Gray’s range of singing consists of high-pitched vocals, like in the Timberlake-esque “SuperDave,” as well as more filled out, soulful singing in “Roses 101- After All.” The difference in styles also demonstrates how production on the record varies in an effective manner, allowing for different sounds that still sum up to a cohesive album.

His producers also utilize their abilities to manipulate his voice to add even more flexibility, as with the seemingly angelic, yet ultimately dark “Windchaser.” The use of autotune allows for another layer of singing that sections off the song into more than a simple choice between rapping or singing, but instead one that includes singing delivered in different pitches within his vocal range that also can be successfully altered. This particular song showcases his ability to carry a song while solo, taking care of the singing and rapping completely on his own.

The album’s success partly relies on this incorporation of rap, both from Christon as well as features from fellow rappers like Swoope, B Reith and his own brother, Taelor Gray. With such a talent for singing, Gray's ability to rap far surpasses expectations and proves that he truly exemplifies a skilled musician overall, not only in one genre or area.

The collaboration in “Nostalgious,” one of many great songs on the CD, sparks curiosity as to whether an album based more heavily on rap lies in the future.

Pure emotions and unrestricted honesty allow the subject matter to thrive throughout the duration of the album. Christon shares the experiences he knows all too well, realizing that people will relate to them or at least understand his personal narrative.

In “Wanna,” Gray speaks of his battle with cheating, wanting another woman but knowing he shouldn’t. “Convenient” shows a state of love that no one wants, but most have felt – the feeling that the one he loves only keeps him around when she needs him. “Roses 102 – Burning House” seems to circle around a potential divorce or break up, but can easily represent any memory from the past that the listener has had difficulty overcoming, and the struggle to face it and get past it.

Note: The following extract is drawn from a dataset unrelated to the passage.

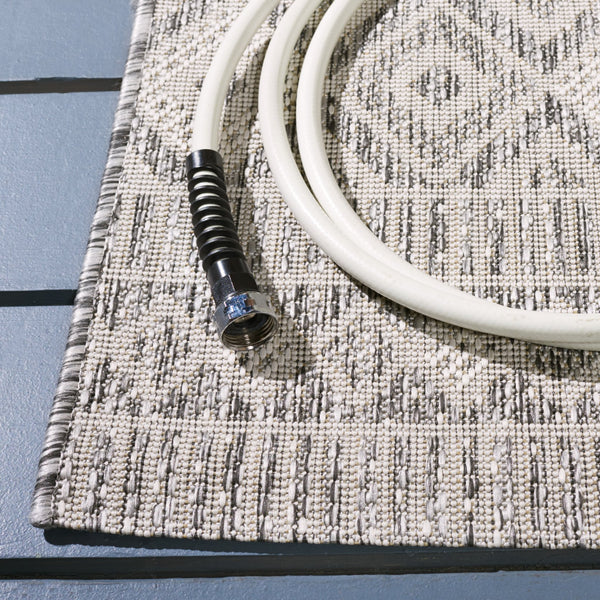 Safavieh Courtyard Exquisite Geometric Area Rug - Durable Power Loomed Design For Indoor & Outdoor Spaces Ivory ,Light Grey 88% Polypropylene,12% Polyester Cy8998-55321-4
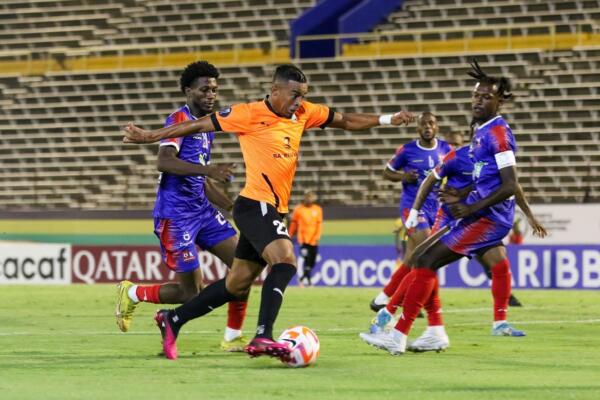Cibao FC cayó apretadamente 2-1 frente al Dunbeholden FC en Jamaica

Christon speaks about one of his parents leaving him when he was young and his feelings on the matter in “Roses 103 – Ghost.” Listeners will find the intensity of the subject matter at times unsettling, but it will give them a chance to look inward to their own lives in an experience that most music does not incite.

Aside from one or two average tracks, School of Roses uses Christon Gray’s experiences, maturity and talent to make for one of the best R&B, and possibly overall, albums released so far in 2014.

Suggested Songs: "Windchaser," "Wanna," "Vanish," "Roses 101 - After All," Roses 102 - Burning House," "Roses 103 - Ghost," "Moving On," and "Nostalgious"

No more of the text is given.